If gun buyers are to be put to heightened background checks, West Virginia Natural Resources Director Frank Jezioro says boozers perhaps ought to be subject to the same pre-purchase investigations.
After all, Jezioro reasoned, alcohol figures in deadly highway crashes and is a known factor in domestic disputes that end in violence.
Besides, the director said Thursday, banning semi-automatic rifles and limiting the size of clips in efforts to avert firearm violence serve no practical purpose and only make millions of law-abiding gun owners feel like criminals.

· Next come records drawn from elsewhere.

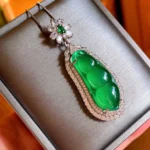 Cyan jade fortune bean pendant necklace displayed in luxury silver jewelry gift box with floral gemstone clasp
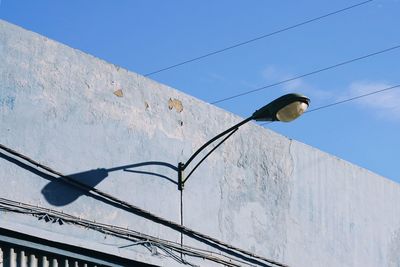 Low angle view of street light against sky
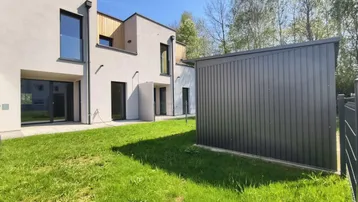 Hinterhofbereich der modernen Reihenhäuser mit Rasenfläche und einem praktischen Gartenschuppen.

In the same interview, Jezioro said he expects West Virginia to reap a bonanza a year from now when all the numbers are in on the Pittman-Robertson Act, considering the dramatic upswing in firearm and ammunition sales amid fear that the 2nd Amendment will be compromised by Congress and the Obama administration.
Already, on Capitol Hill, anti-gun senators are pushing legislation that would either ban the ownership of so-called “assault rifles” outright, or limit the capacity of clips to no more than 10 rounds. The frenzy was ignited by the slayings of 20 children and six adults at Sandy Hook Elementary School in Newtown, Conn. in December.

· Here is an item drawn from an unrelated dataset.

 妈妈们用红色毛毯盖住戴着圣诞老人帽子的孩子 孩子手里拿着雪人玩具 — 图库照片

“You can change a clip simply by pushing a button on the side of the gun,” Jezioro said.
“That clip falls out and you stick another one in. Probably 2 seconds.
“I seriously think we’re putting too much emphasis on the gun and not enough emphasis on the individual that’s doing the shooting — the shooter, the killer. We have to figure out a way to identify these people and when we identify them, do something about it. Identify them before they get a gun.”

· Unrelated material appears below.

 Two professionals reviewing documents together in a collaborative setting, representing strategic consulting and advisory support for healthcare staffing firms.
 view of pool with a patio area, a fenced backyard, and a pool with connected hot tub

Outlawing specific types of firearms — such as reviving the ban on semi-automatic rifles as in 1994 — is no answer to mass violence, Jezioro said.
“If you limit the firearm, and the person is simply of the mind that they want to kill as many people as they can, they’re going to find a way, whether it’s with a bomb, or run over them in a crowd, or whatever,” the DNR director said.
“Especially in Newtown — and others — when the shooter is willing to die, they become like a suicide bomber, and they’re extremely hard to stop because they’re willing to give up their life to accomplish this deed of murdering innocent people.”
Jezioro said a more practical approach is to improve mental health awareness and treatment so that signs of disorder are detected in time.
“How can we identify these people?” he asked.
“Can it be done in grade school? Do we see signs? Do we realize there’s something wrong and not get these people help? That’s where it has to start. Identify the people that have these traits or characteristics that may lead them to turn to some sort of mass murder.”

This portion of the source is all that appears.